Every argument I’ve been in about meat-eating inevitably seems to devolve into attacks on CAFOs, and I agree, they’re ethically indefensible. Not for their scale, but for the way they’ve disrupted the cycle, and in doing so create environmental problems and waste energy. The animals’ existence is not only unpleasant, but actively harmful to the ecosystem and to us. Bost emphasizes the ethics of growing plants can be equally problematic as long as it is based on converting fossil fuels into food rather than solar energy into food.
This will be the major obstacle our agricultural system will face in the next century. In the last century, the boom of industrialized farming allowed us to generate more food than has ever been seen in human history. It is economically efficient, and allowed us to feed not only ourselves but to export food all around the world. In the next century we need to address the fact that this boom occurred largely due to cheap fossil-fuel, not improved agriculture. This is ultimately not sustainable or good for the ecosystem. Industrial agriculture separated out the constituent elements of a farm and amplified them on a massive scale. But without co-ordination between the parts of a farm you lose energy efficiency for the sake of economic efficiency. Instead of having animals provide nitrogen, we use fossil fuels. Their waste then, instead of being reintegrated into the farm, is now a problem, for both the ecosystem and for the humans working and living there. The need to separate out the component parts of agriculture for industrial scaling has generated new problems we have to address if we’re going to continue to feed ourselves.
Ethical farming and ethical eating therefore shouldn’t be an argument about meat, or worse accepting Newkirk’s profoundly ignorant article suggesting energy-inefficient in vitro meat as a replacement (how will it harvest energy from the sun?) but rather a return to some of the lessons that humans learned through thousands of years of trial and error in agriculture.
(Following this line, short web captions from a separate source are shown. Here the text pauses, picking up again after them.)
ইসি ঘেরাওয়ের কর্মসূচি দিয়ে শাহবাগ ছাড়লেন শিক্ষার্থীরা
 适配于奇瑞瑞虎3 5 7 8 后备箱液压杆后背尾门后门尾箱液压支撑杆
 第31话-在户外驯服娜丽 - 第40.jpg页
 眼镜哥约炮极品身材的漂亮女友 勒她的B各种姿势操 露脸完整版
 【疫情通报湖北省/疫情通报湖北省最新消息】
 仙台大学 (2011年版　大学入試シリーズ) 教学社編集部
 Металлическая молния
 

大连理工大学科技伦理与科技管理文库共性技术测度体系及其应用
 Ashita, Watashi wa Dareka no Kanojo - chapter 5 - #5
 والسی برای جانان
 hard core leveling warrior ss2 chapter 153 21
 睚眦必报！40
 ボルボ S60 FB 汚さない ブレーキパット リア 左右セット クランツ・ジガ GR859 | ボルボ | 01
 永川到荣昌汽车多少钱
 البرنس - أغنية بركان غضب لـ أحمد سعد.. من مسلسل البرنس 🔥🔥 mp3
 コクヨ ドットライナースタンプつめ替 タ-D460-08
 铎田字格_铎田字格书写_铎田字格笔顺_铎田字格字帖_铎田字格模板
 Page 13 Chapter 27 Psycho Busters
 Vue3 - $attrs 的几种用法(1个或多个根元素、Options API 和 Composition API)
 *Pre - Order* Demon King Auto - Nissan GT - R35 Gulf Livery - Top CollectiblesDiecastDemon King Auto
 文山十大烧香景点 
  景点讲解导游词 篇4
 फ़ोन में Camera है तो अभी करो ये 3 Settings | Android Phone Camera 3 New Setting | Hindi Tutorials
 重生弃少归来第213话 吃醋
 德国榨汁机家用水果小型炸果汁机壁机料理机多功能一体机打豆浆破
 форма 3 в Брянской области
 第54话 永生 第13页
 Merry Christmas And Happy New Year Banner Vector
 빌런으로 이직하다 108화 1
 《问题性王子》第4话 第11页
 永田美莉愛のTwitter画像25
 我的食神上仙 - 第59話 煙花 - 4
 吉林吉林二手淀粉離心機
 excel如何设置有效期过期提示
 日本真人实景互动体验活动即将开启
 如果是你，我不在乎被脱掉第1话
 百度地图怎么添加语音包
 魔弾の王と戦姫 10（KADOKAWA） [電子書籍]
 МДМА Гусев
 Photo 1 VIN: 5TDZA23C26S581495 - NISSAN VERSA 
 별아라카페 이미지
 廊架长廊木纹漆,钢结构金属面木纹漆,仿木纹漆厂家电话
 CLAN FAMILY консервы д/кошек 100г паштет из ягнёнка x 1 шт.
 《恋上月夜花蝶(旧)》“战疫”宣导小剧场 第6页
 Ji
That of a cycle, with the sun as the predominant source of energy, and animals reintegrated into our production system as a beneficial source of nitrogen and a source of farming efficiency. We will not be able to return to a pre-industrial state of agriculture, but instead we will innovate some hybrid of the two. Agriculture on a scale to feed the world, but with a design that recognizes the ideally cyclical nature of carbon and nitrogen fixation that we need to harvest energy efficiently from the sun, and not from oil.